The shaft 66 as shown in FIGS. 2 and 3 carries at the opposite side of the plates 5 and 6 a pully 68 and a brake drum 69. A belt 70 connected between the pully 68 and a motor pully 71 provides the drive from the motor to the mandril 67.
The motor bracket 63 is adapted to be rocked by an air cylinder 72 pivotally supported at 73 and having a piston 74 pivotally connected to the motor bracket as shown particularly in FIG. 5. Also as shown in FIG. 5 the pivotal air cylinder 72 carries an arm 75 adapted to engage a threadably adjustable screw 76 carried by a lever arm 77 connected to a roller carrying arm 78 pivoted at 79. The roller carrying arm carries a plurality of rollers 80 adapted to ride on the upper surface of the core cooperating and metering roll 46 when the motor bracket is swung away from the roll 46 to the solid line position of FIG. 5 and to the position of FIG. 4 to clear the arm 75 from the adjusting screw 76. This position of the motor bracket 63 locates the mandril 67 in what will hereinafter be referred to as the core loading and unloading station, a station away from the core co-operating and metering roll 46. On the other hand, when the motor bracket 63 is pulled or raised to bring the mandril 67 to the dotted line position shown in FIG. 5, adjacent to the roll 46, a position hereinafter referred to as the winding position, the arm 75 operates to lift the rollers 80 clear of the roll 46.

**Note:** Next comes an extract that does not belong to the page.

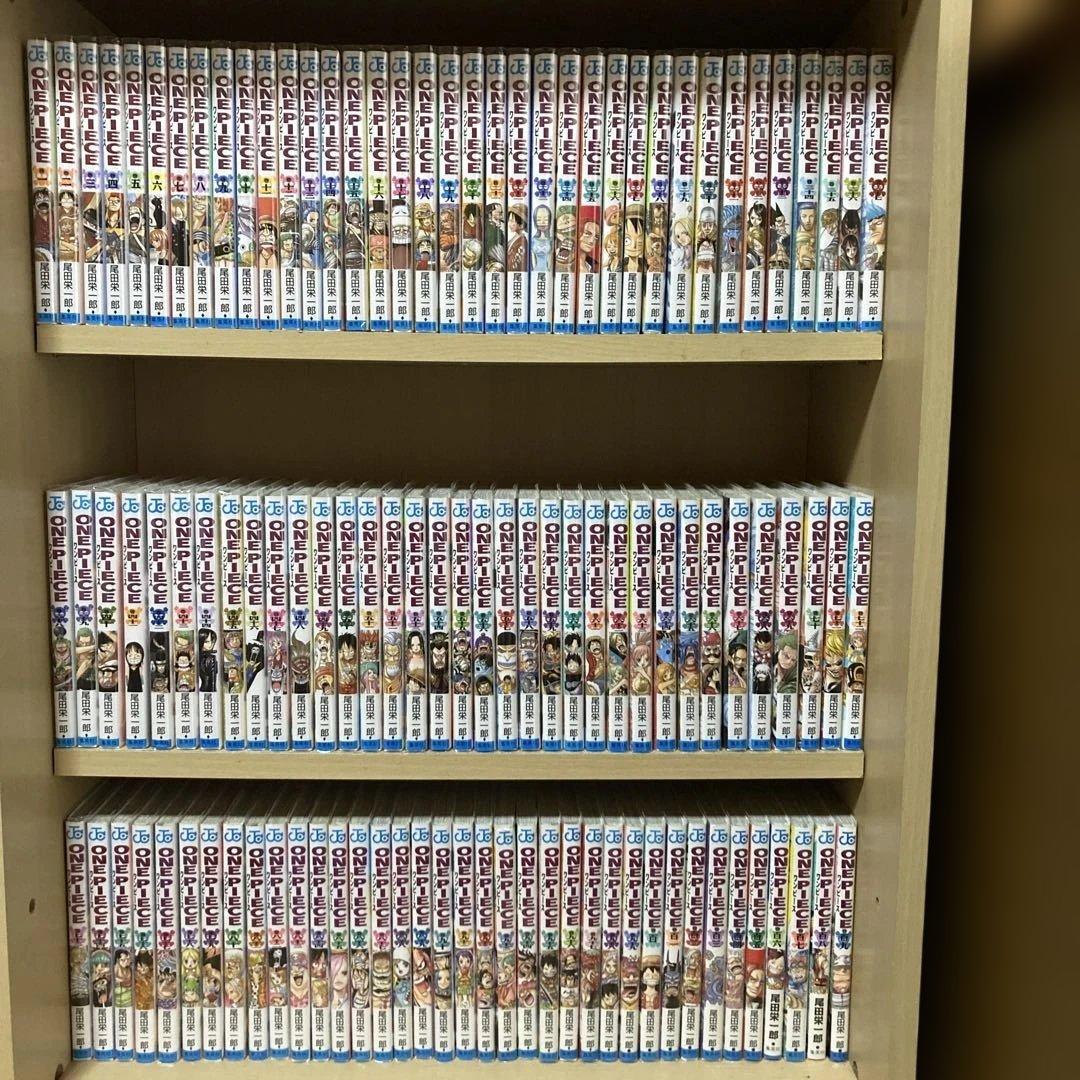 美品❗️全巻透明カバー付き❗️送料無料❗️ワンピース全巻1〜112巻 尾田栄一郎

Co-operating with the brake drum 69 carried by the shaft 66 of which the winding mandril 67 forms a part, is a brake 81 carrying suitable brake lining 82 mounted on a rocker arm 83 connected to the piston 84 of an air cylinder 85 shown in FIG. 3.
As the motor bracket swings to bring the mandril to the winding position it is arranged to contact a limit valve LV-2 to energize the motor 64 and on being swung to move the mandril to the core loading and unloading station is adapted to engage a further limit valve LV-4 for purposes as will hereinafter appear, the limit valves being diagrammatically illustrated in FIG. 5.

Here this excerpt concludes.